Sorry not been quicker guys but we are all working people so only have few hours a week we can answer emails etc. I assure you that we will answer your email asap for you.

Thank you so much for banner dude.


----------



## jamesthornton (Nov 24, 2008)

Thats alright dude, If you need anymore in different sizes or like flyers/posters something give me a shout 

James


----------



## JamesJ (Apr 12, 2008)

Hey guys I have got your details im just a bit behind in adding the info and making the cards as im none-stop with another million and one jobs along the way :lol2: Ive added everyones details upto now to the database and ill be making the cards and sending them out tomorrow : victory: Keep the memberships coming :notworthy:


----------



## grunts4me (Mar 15, 2009)

thx guys im just wondering if im still allowed in to the society im only 12 lol oh and is the reptile expo members only


----------



## MarkB (Mar 2, 2009)

My partner and I can't wait for this!
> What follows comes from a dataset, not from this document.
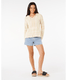 Rip Curl Girl's Revival Knit Poncho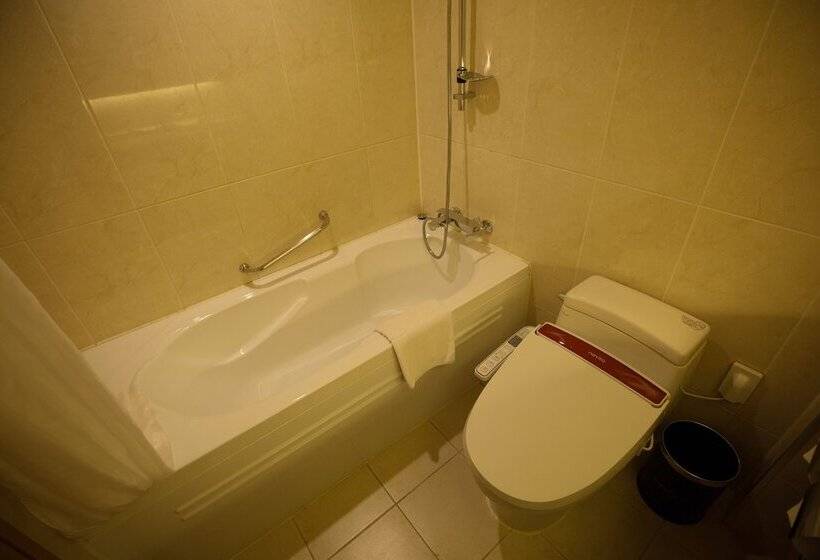 Quarto Real, Summit Hotel Seoul Dongdaemun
Taking her and her kids. Will be a job trying to resist coming home with a new reptile.


----------



## Zak (Jan 7, 2008)

grunts4me said:


> thx guys im just wondering if im still allowed in to the society im only 12 lol oh and is the reptile expo members only


Of course you can be a member! Age is no limit.

The expo is open to everyone but as your under 16 you'll have to bring someone over 16 ie parent, older brother/sister.


----------



## charlottej1983 (Oct 29, 2007)

:up::up::up:


----------